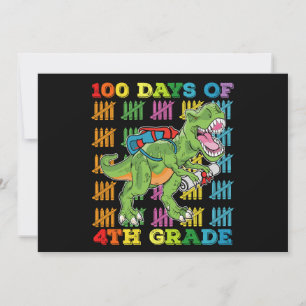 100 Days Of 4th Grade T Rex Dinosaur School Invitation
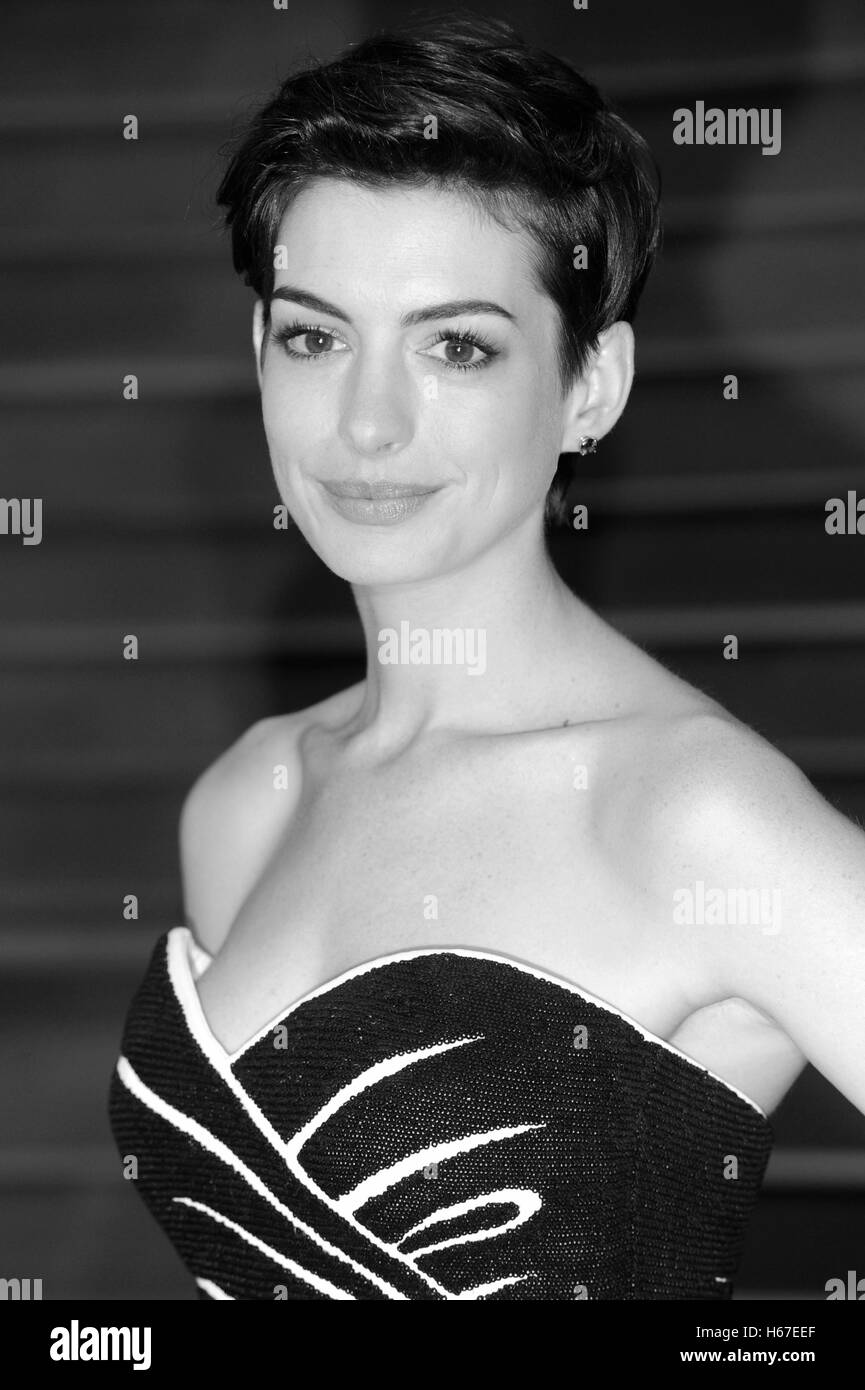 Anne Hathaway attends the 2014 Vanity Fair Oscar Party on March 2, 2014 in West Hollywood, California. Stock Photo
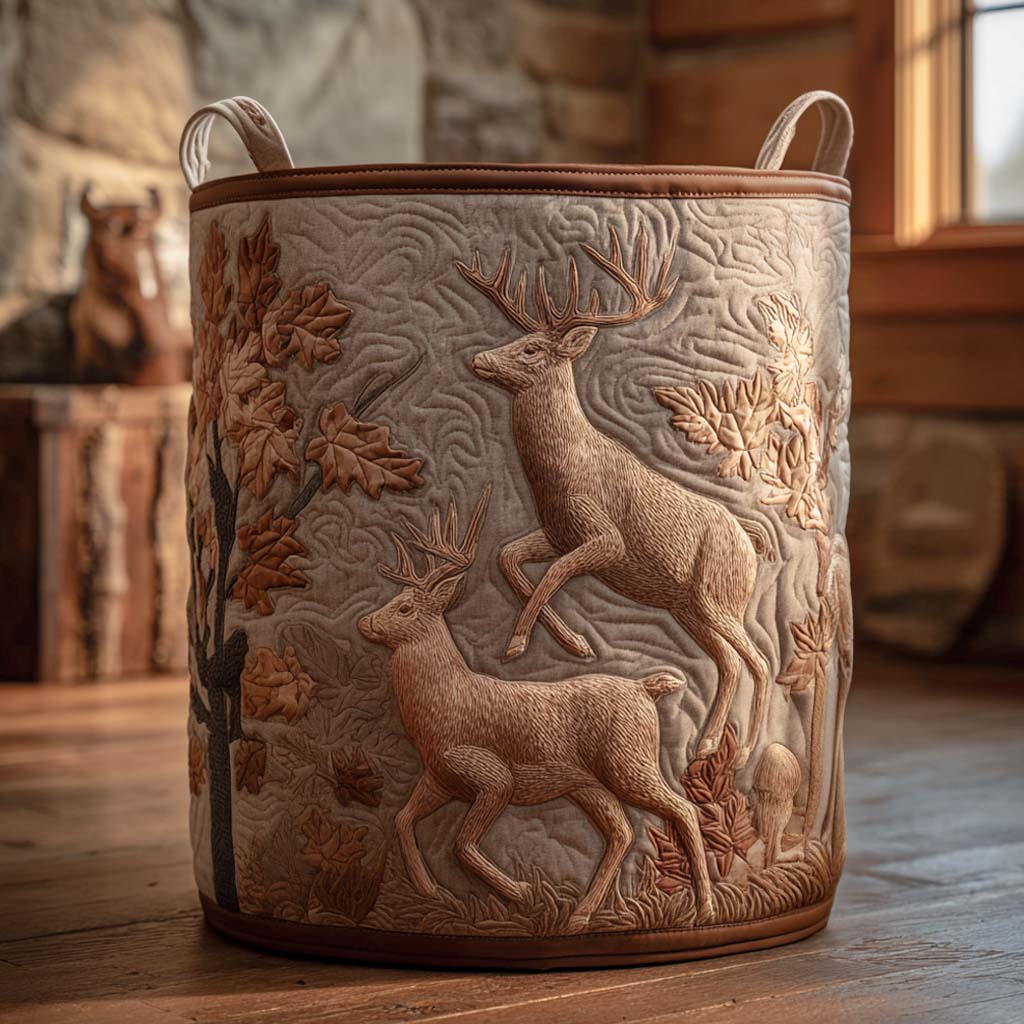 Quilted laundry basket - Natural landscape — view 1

****************

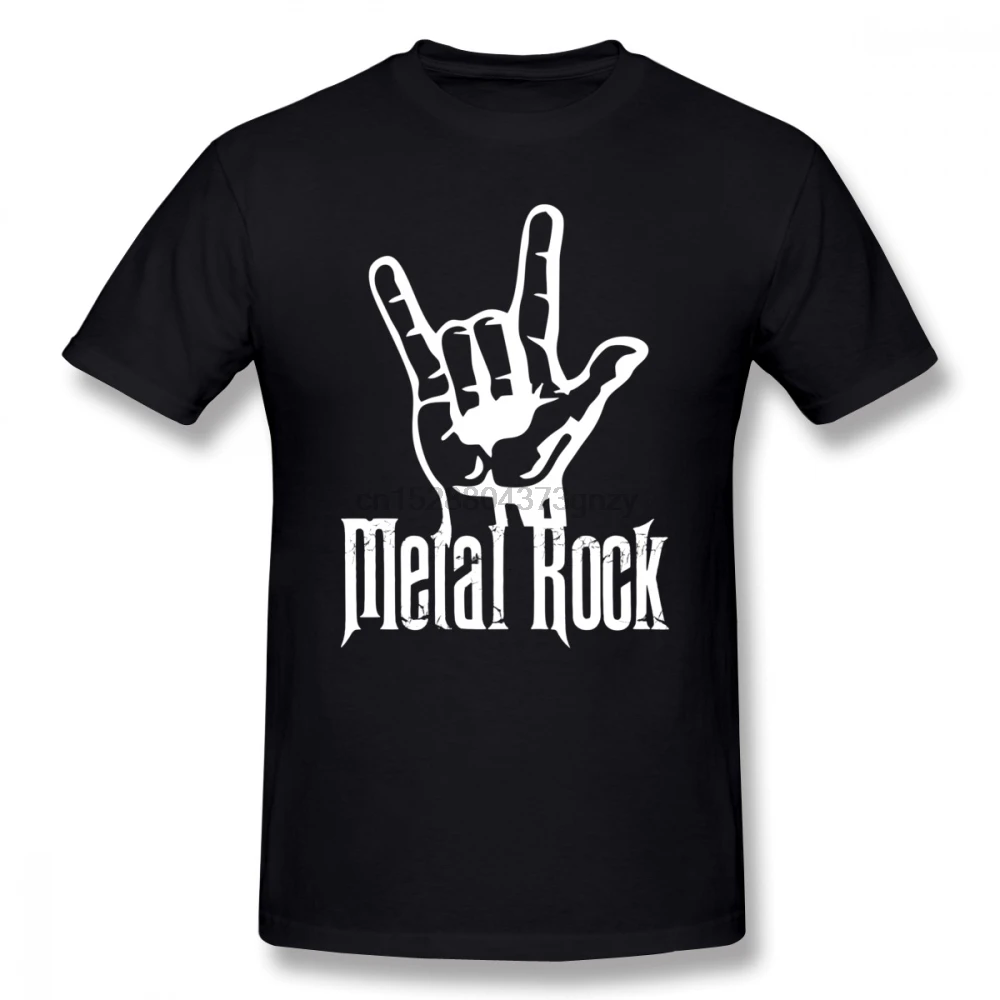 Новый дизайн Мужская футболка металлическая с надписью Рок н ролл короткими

****************

• [The task] Would you restate, exactly and with no pictures, the lines of the entries above from the one containing "100 Days Of" through the one containing "Quilted laundry basket"?

• [Task solution]
 100 Days Of 4th Grade T Rex Dinosaur School Invitation
 Anne Hathaway attends the 2014 Vanity Fair Oscar Party on March 2, 2014 in West Hollywood, California. Stock Photo
 Quilted laundry basket - Natural landscape — view 1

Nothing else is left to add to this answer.